## WHAT YOU WILL DO
From the listing below, give again exactly the lines from the line with "Villa La Tour" to the line with "Red foam hand", ends included, without any pictures.

## EXTRACTED RECORDS
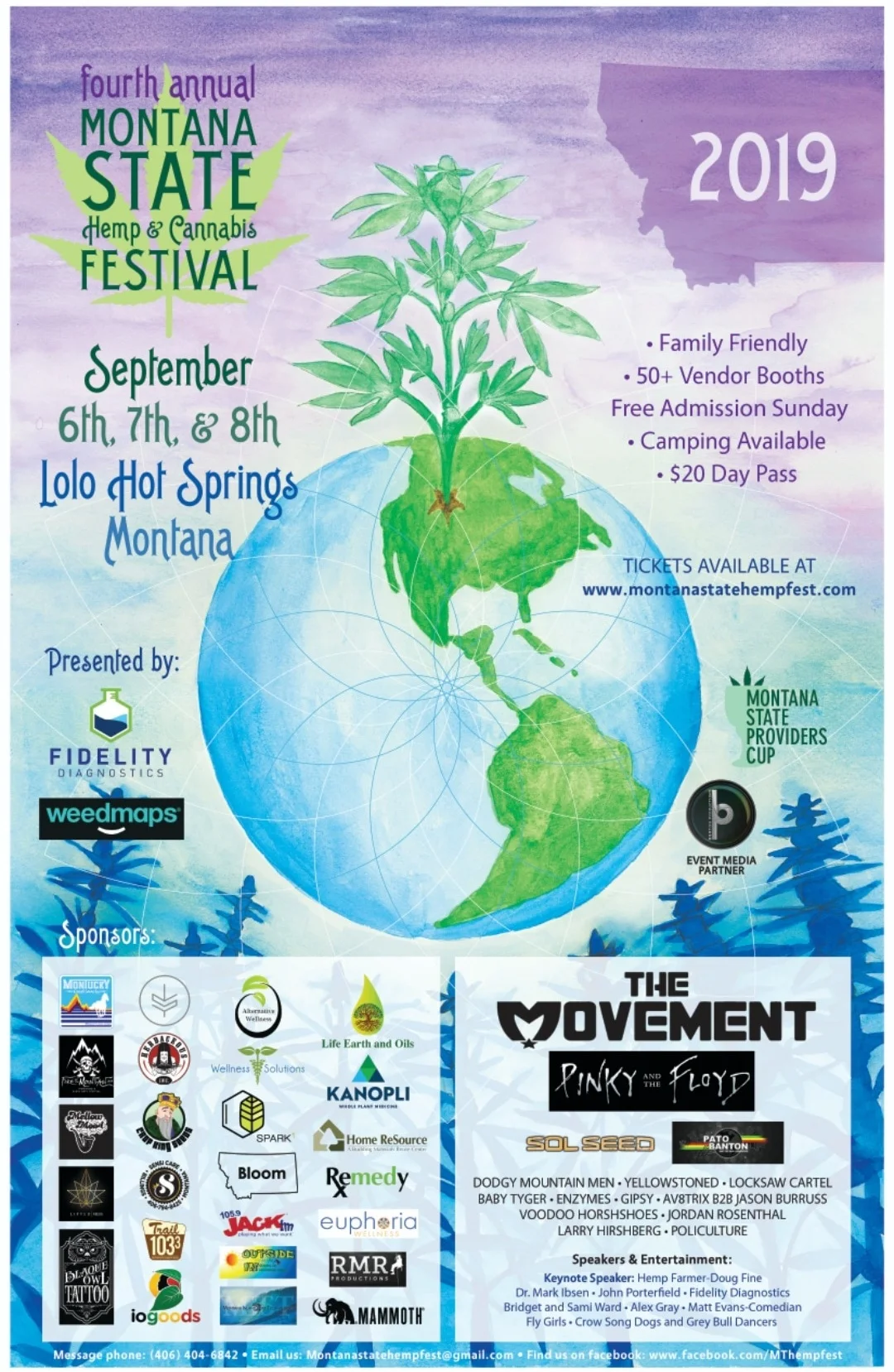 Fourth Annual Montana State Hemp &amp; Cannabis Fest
...
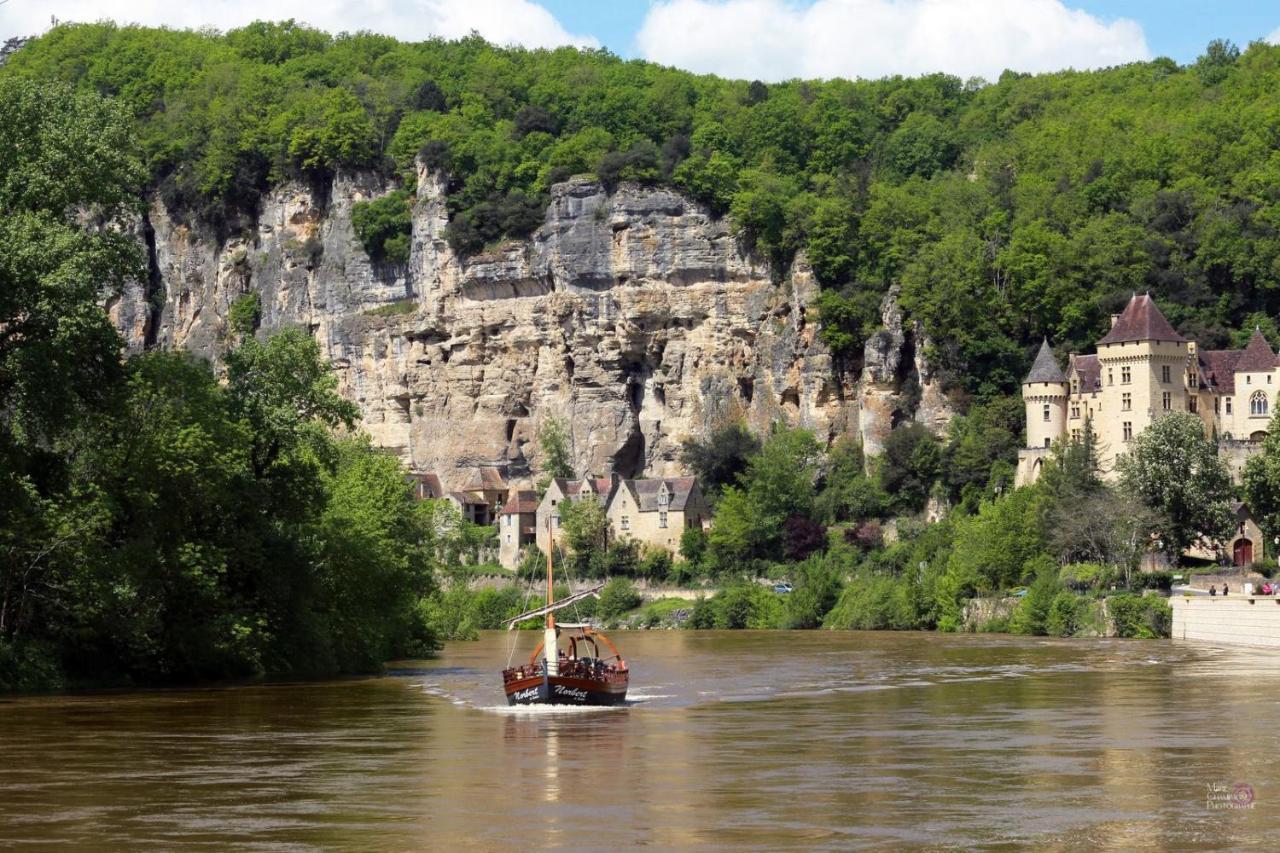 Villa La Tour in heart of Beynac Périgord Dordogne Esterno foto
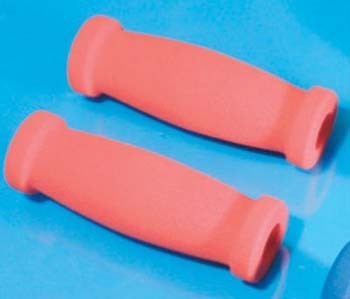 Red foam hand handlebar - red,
* * *
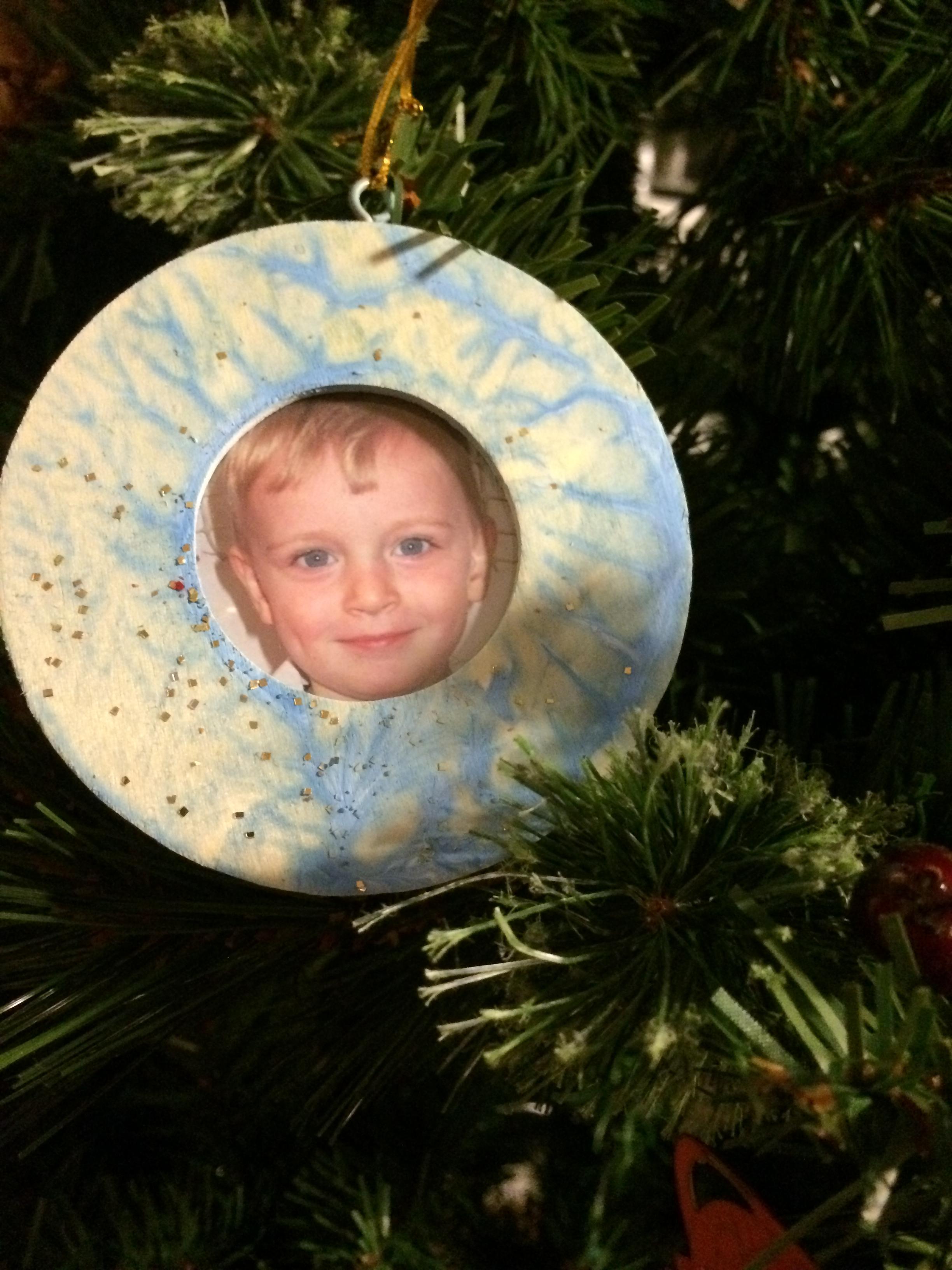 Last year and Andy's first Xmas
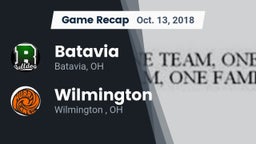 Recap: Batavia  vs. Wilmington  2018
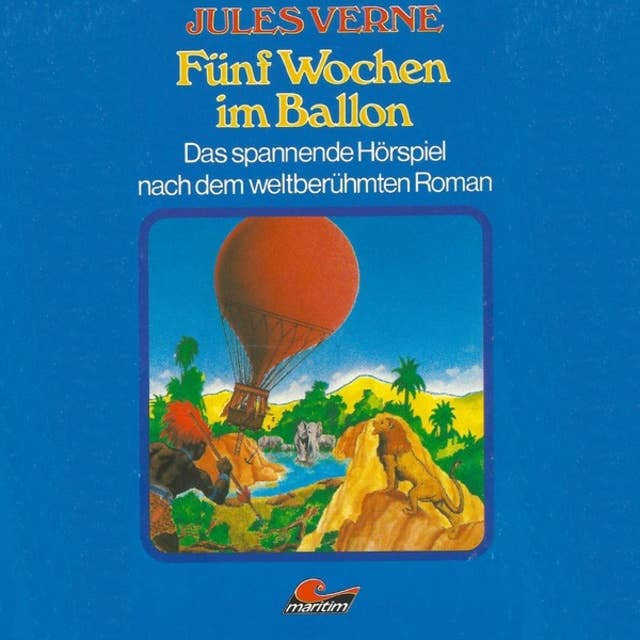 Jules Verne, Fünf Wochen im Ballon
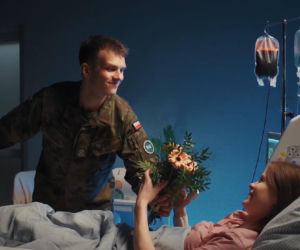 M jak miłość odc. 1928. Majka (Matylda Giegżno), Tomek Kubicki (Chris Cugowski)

## TASK RESULT
 Villa La Tour in heart of Beynac Périgord Dordogne Esterno foto
 Red foam hand handlebar - red,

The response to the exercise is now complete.